Simvastatin inhibits neutrophil degranulation induced by anti-neutrophil cytoplasm auto-antibodies and N-formyl-methionine-leucine-phenylalanine (fMLP) peptide.

OBJECTIVE: To test the hypothesis that simvastatin is capable of blocking human neutrophil degranulation induced by proteinase 3 (PR3)-anti-neutrophil cytoplasm auto-antibodies (ANCA) and myeloperoxidase (MPO)-ANCA, and by the chemotactic and inflammatory peptide N-formyl-methionine-leucine-phenylalanine (fMLP).

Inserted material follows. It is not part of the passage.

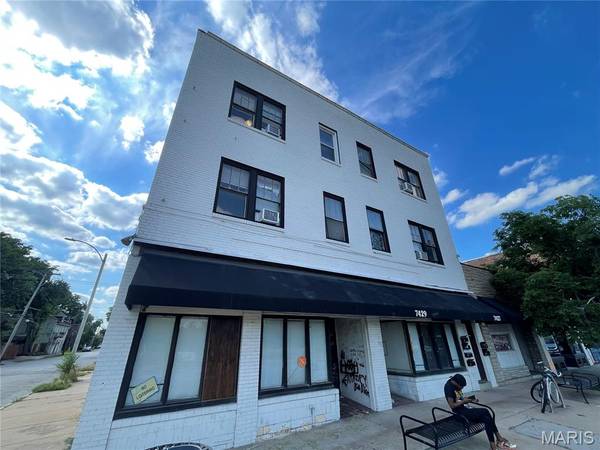 7427 S Broadway, St Louis, MO 63111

METHODS: This study was conducted between March 2010 and September 2011 at the Renal Institute of Birmingham, University of Birmingham, Birmingham, United Kingdom. Immunoglobulin G (IgG) was purified from the plasma of 20 randomly selected patients with ANCA-associated vasculitis (10 PR3- and 10 MPO-ANCA), and their ability to induce neutrophil degranulation in the presence or absence of simvastatin (10 uM) was tested. The ability of the same dose of simvastatin to block fMLP-induced neutrophil degranulation was also tested. In addition, the ability of serum obtained from rats that received simvastatin at a dose of 25 mg/kg/day to block neutrophil degranulation in vitro was tested.
RESULTS: The addition of simvastatin significantly inhibited ANCA IgG-induced neutrophil degranulation by 48% (p=0.02). There was no significant difference in response to simvastatin inhibition (p=0.73) between PR3- and MPO-ANCA. Simvastatin also inhibited neutrophil degranulation induced by 1 uM fMLP (30%, p=0.04). We further demonstrated that serum from rats that received simvastatin significantly inhibited neutrophil degranulation induced by ANCA (31.7%, p=0.01) and fMLP (23.5%, p=0.03) compared to serum from control animals.
CONCLUSION: Simvastatin blocked both ANCA and fMLP-induced neutrophil degranulation. It is worth pursuing further therapeutic investigation of statins in vascular inflammatory diseases that involve neutrophil degranulation in their pathogenesis.